● THE PROBLEM
As you reproduce every line below, keep it exactly as written and leave out the images.

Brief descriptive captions
┄┄┄┄┄┄

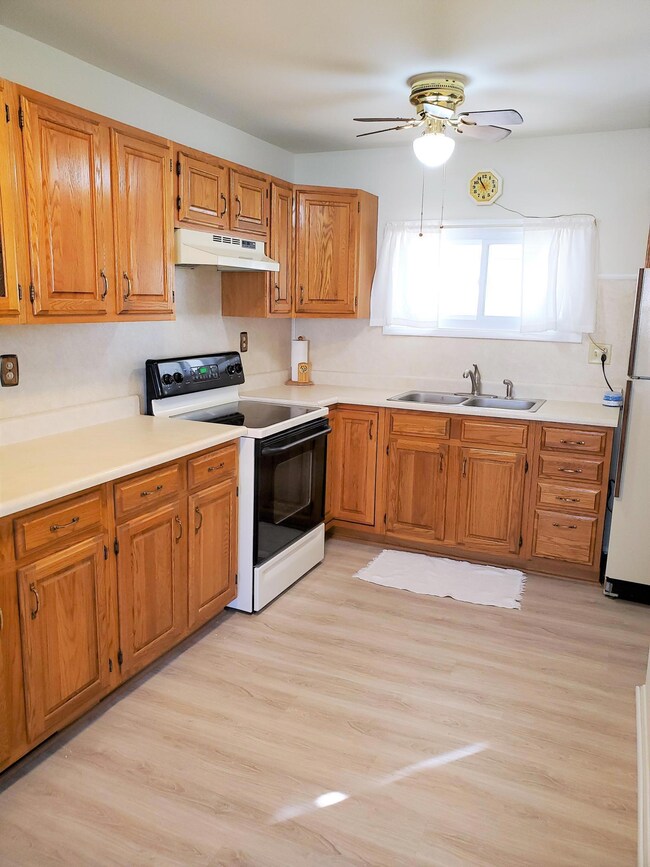 4165 Virginia Cir E, Columbus, OH 43213 - photo 5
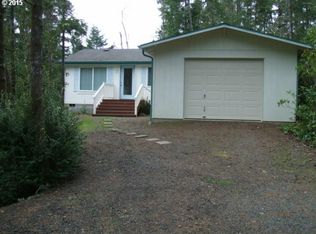 90 Outer Dr, Florence, OR 97439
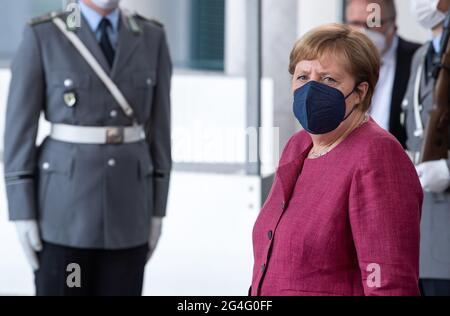 Berlino, Germania. 21 Giugno 2021. La cancelliera tedesca Angela Merkel (CDU) arriva dalla Cancelleria per dare il benvenuto al primo Ministro italiano Draghi per la sua visita inaugurale. Draghi è primo ministro italiano dal febbraio 2021. Credit: Bernd von Jutrczenka/dpa/Alamy Live News Foto Stock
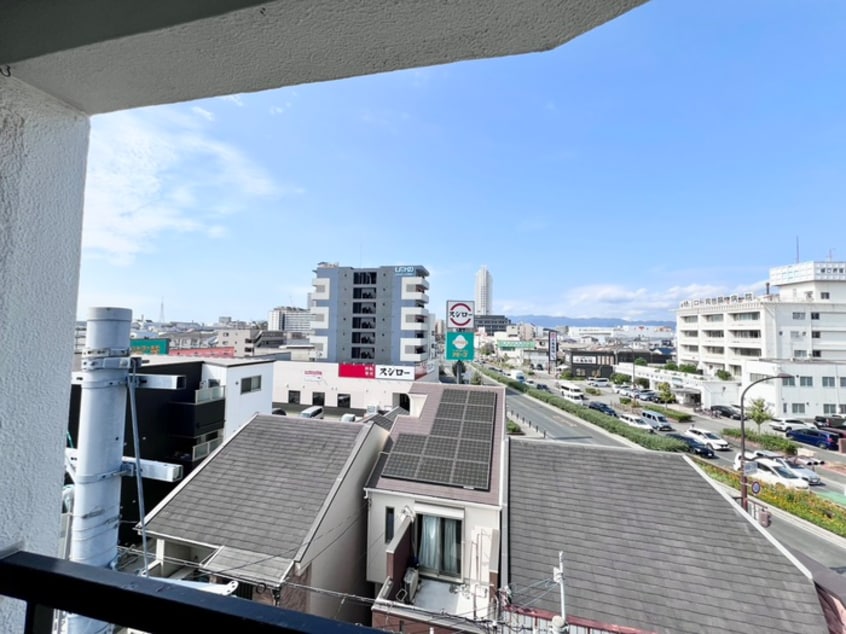 室内からの展望 ソリッソ大物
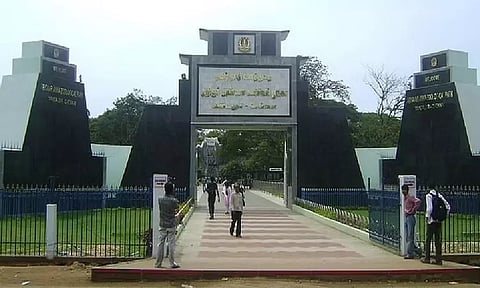 விடுமுறையையொட்டி வண்டலூர் உயிரியல் பூங்காவுக்கு 44 ஆயிரம் பேர் வருகை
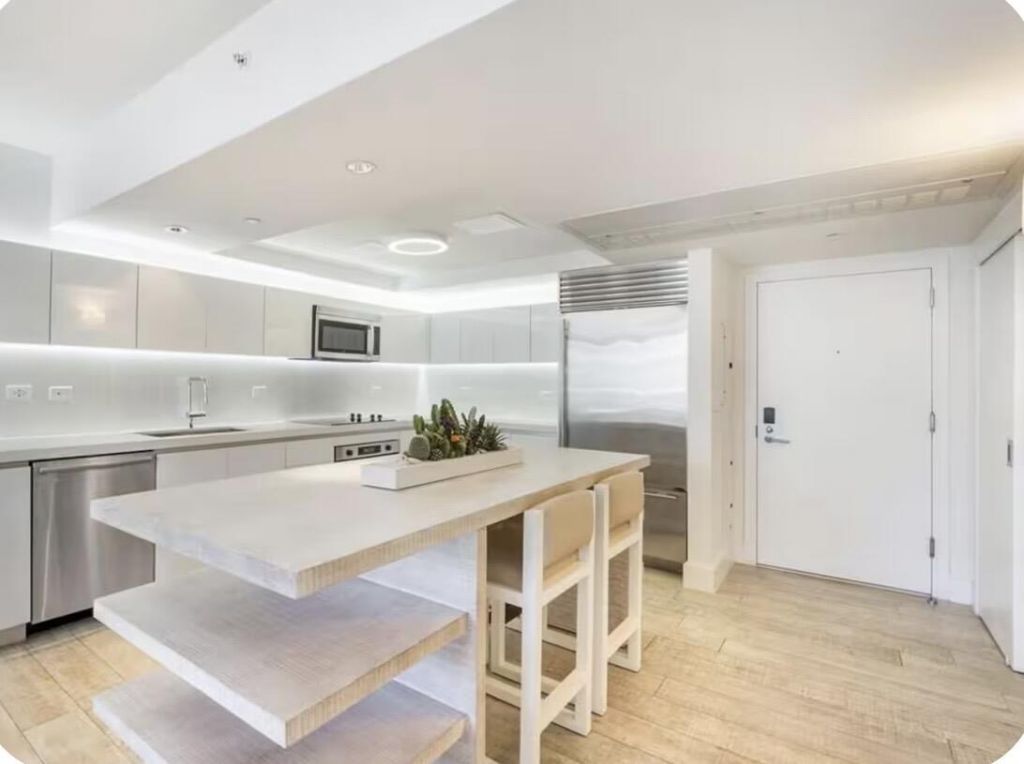 102 24th Street, Unit 1512, Miami Beach, FL 33139 Photo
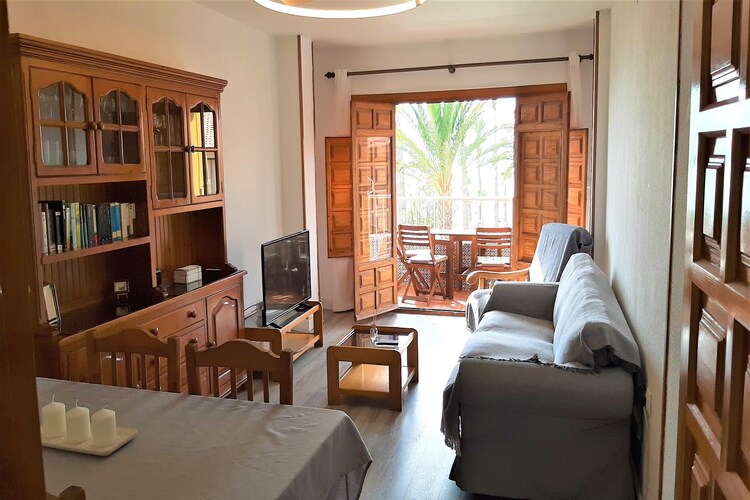 Ruim appartement aan de kust in Salobreña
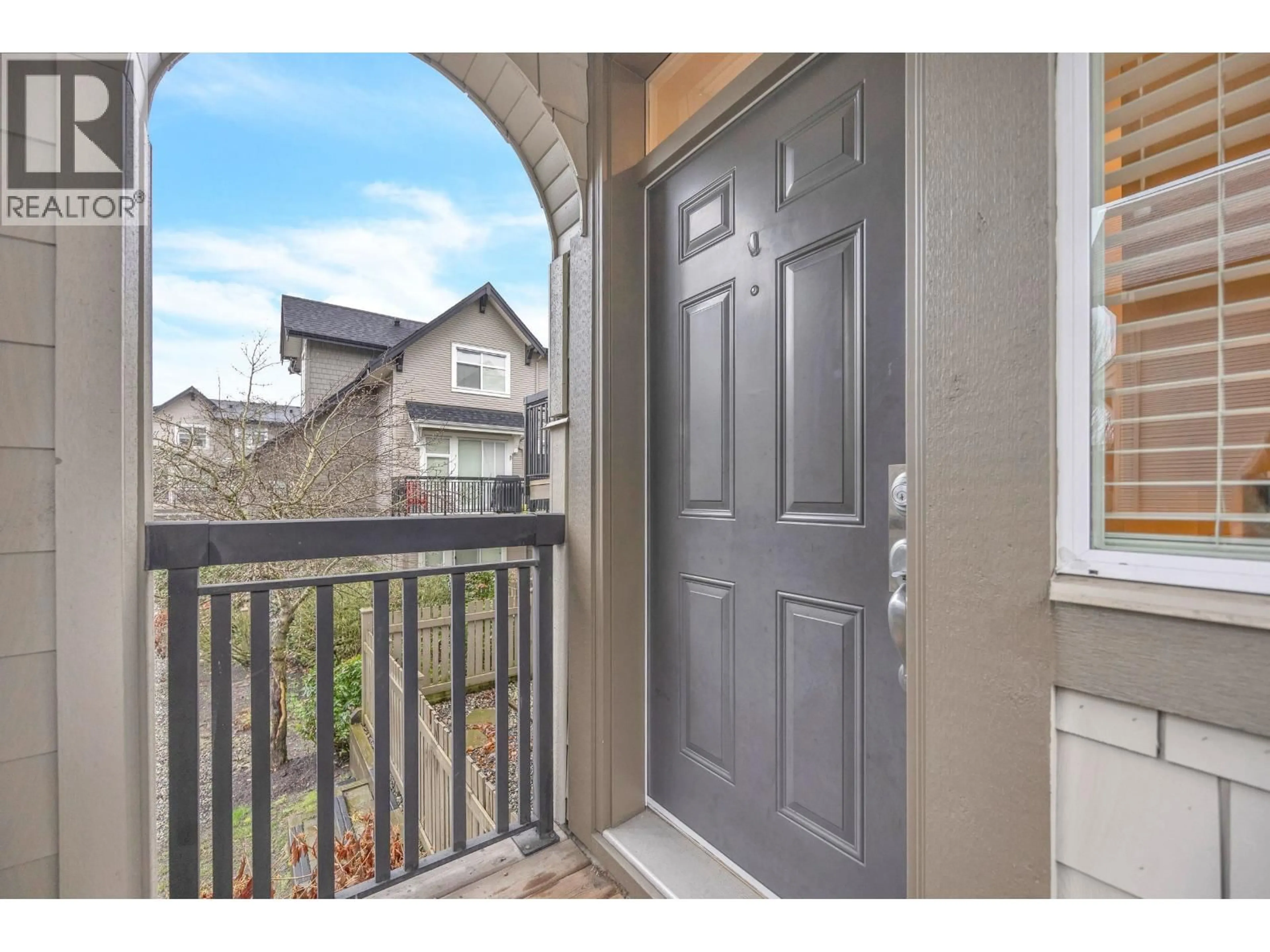 Indoor entryway for 717 PREMIER STREET, North Vancouver British Columbia V7J0A5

┄┄┄┄┄┄

● ANSWER SPACE
 4165 Virginia Cir E, Columbus, OH 43213 - photo 5
 90 Outer Dr, Florence, OR 97439
 Berlino, Germania. 21 Giugno 2021. La cancelliera tedesca Angela Merkel (CDU) arriva dalla Cancelleria per dare il benvenuto al primo Ministro italiano Draghi per la sua visita inaugurale. Draghi è primo ministro italiano dal febbraio 2021. Credit: Bernd von Jutrczenka/dpa/Alamy Live News Foto Stock
 室内からの展望 ソリッソ大物
 விடுமுறையையொட்டி வண்டலூர் உயிரியல் பூங்காவுக்கு 44 ஆயிரம் பேர் வருகை
 102 24th Street, Unit 1512, Miami Beach, FL 33139 Photo
 Ruim appartement aan de kust in Salobreña
 Indoor entryway for 717 PREMIER STREET, North Vancouver British Columbia V7J0A5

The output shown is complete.